Vous me permettrez de m'éloigner un peu des questions de paragraphes législatifs et de statistiques pour faire un pas en arrière sur la question du crédit à la consommation. Je crois que c'est une question qui est plus importante que celle qui concerne la position d'une branche économique ou d'une autre. Ce n'est pas un hasard si, au cours de l'histoire de notre civilisation, la question du crédit à la consommation a toujours fait l'objet de discussions extrêmement intenses. Ce n'est pas un hasard si la Bible ou le Coran interdisent le crédit à la consommation, qu'ils assimilaient à une forme d'usure à l'époque.
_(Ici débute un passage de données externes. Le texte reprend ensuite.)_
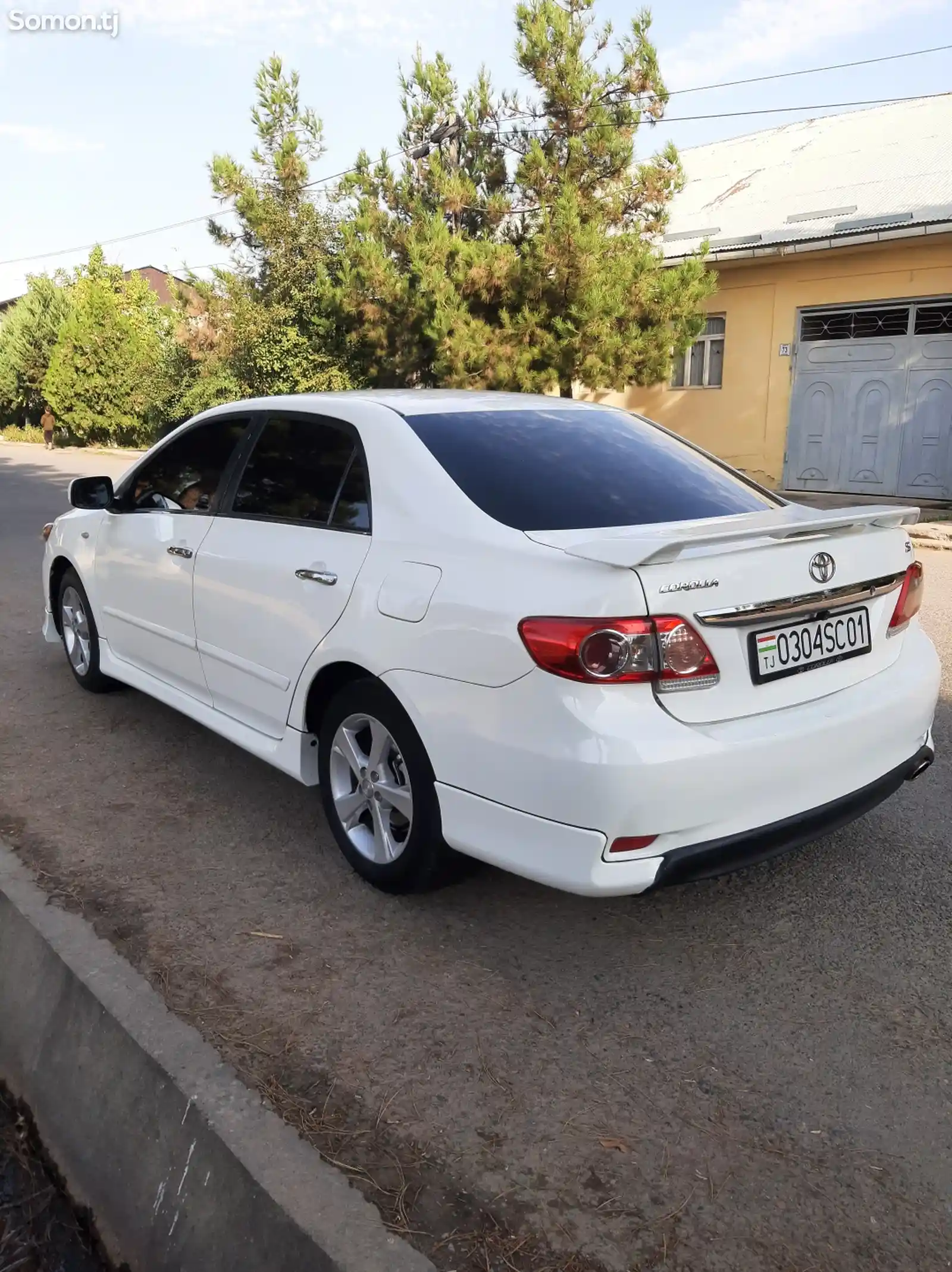 Toyota Corolla, 2013-3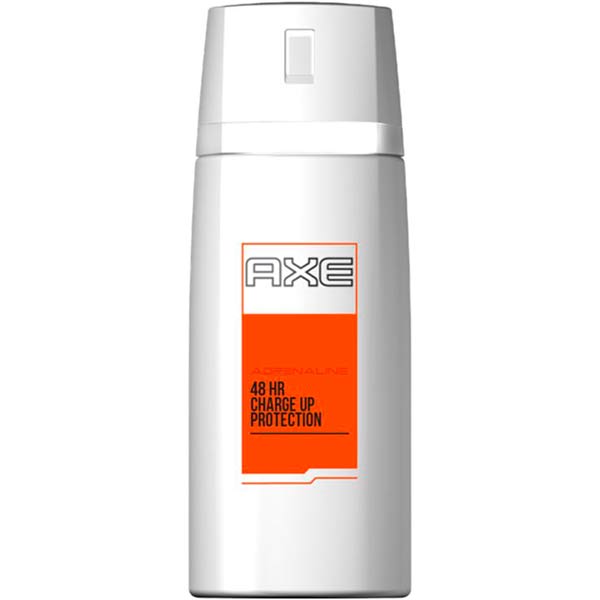 Спрей для тела Axe усиленная защита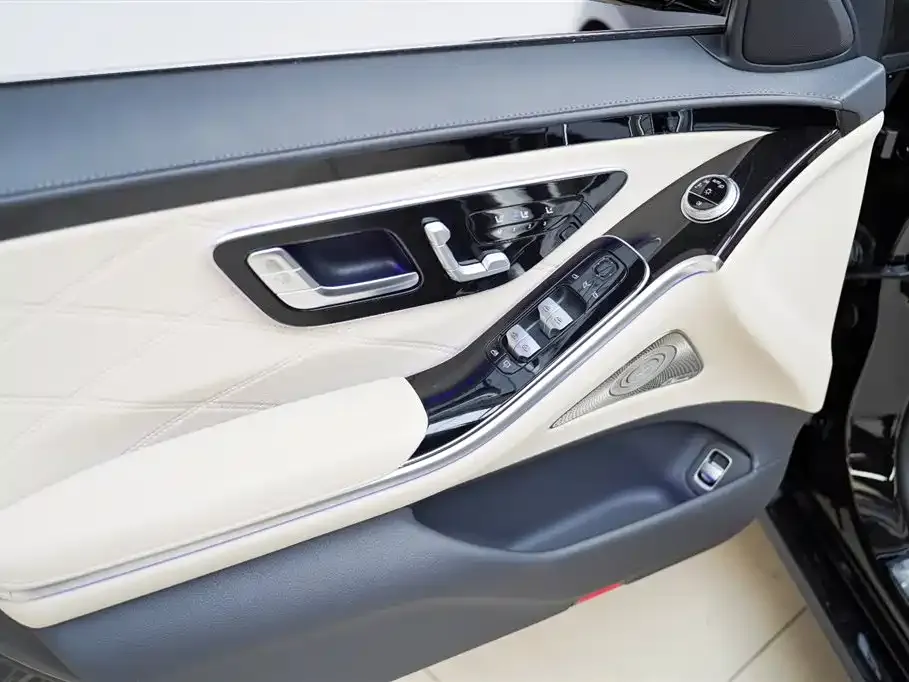 Mercedes-Benz S-Class 2023 из CN, фото 4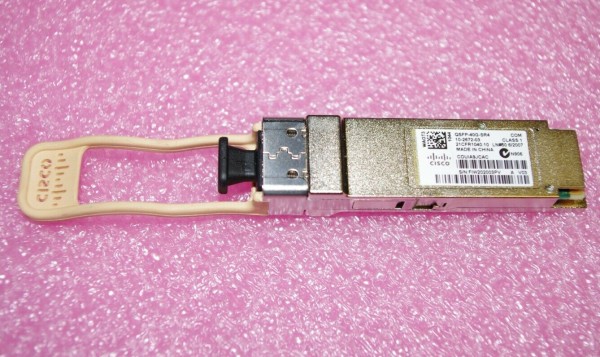 Cisco 10-2672-03 40 Gbps Fabric Extender Transceiver LC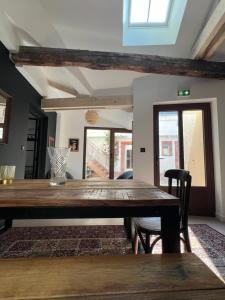 B&B / Chambres d'hotes Le chene fleuri : photos des chambres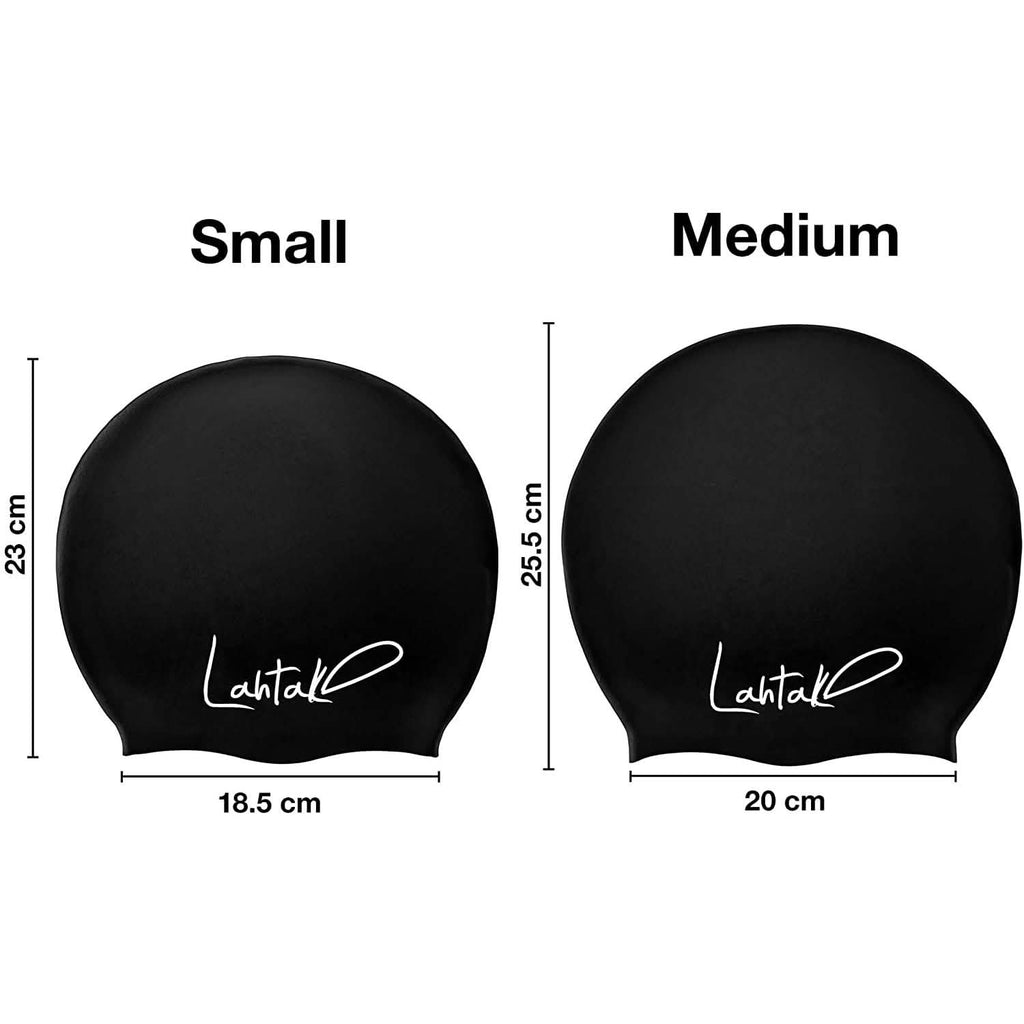 Swim Caps for Long Hair Kids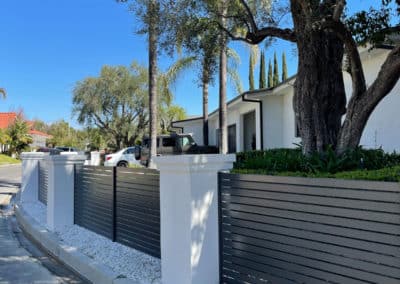 Quickscreen Aluminum Fence Gallery Photo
L'Eglise, jusqu'en 1971, considérait, selon Saint Thomas d'Aquin, que recevoir un intérêt pour l'usage de l'argent prêté était en soi injuste car c'était faire payer ce qui n'existe pas. On pourrait arguer, comme cela a été fait dans cette salle lorsque nous débattions de l'initiative "1:12 - Pour des salaires équitables", qu'une certaine morale protestante, que Jean Calvin, l'emporterait sur Saint Thomas d'Aquin. C'était la ligne d'argumentation de notre collègue Bischof, à l'époque, qui votait avec Max Weber contre Saint Thomas d'Aquin, ce qui ne manquait pas d'une certaine ironie. Mais on est obligé de constater que, même dans la tradition réformée, la question du crédit à la consommation a toujours fait l'objet d'un encadrement extrêmement étroit. On a défini des taux d'intérêt maximaux dans pratiquement tous les Etats occidentaux. On a défini des lieux et des cadres dans lesquels ce crédit à la consommation pouvait se pratiquer, on a posé des exigences de forme. Dans une société qui tend toujours davantage vers une société du marketing, de la publicité, plus ou moins tapageuse, il est assez logique que nous en venions aujourd'hui à imposer des limites en matière de publicité. J'aimerais par ce bref recul historique dire à toutes celles et à tous ceux qui considèrent qu'il s'agit d'une question de principe, qu'il s'agit de laisser une branche économique déterminer par et pour elle-même les limites de son action, qu'il n'en est rien: nous sommes dans le cadre d'une activité économique très particulière, qui dans notre histoire a toujours été réglementée pour protéger les éléments les plus faibles de notre société. Aujourd'hui, tout ce que nous proposons assez modestement, puisqu'il s'agit in fine de reconnaître une autorégulation de la branche, et de lui donner force de loi, s'inscrit dans cette discussion et dans cette tradition.
En résumé, et pour redevenir plus pragmatique, je pense que nous avons un problème de surendettement, qu'il s'agit d'une question d'intérêt public et que la législation proposée est pertinente et de nature à résoudre ce problème.
Je vous invite donc à voter la proposition de la majorité de la commission.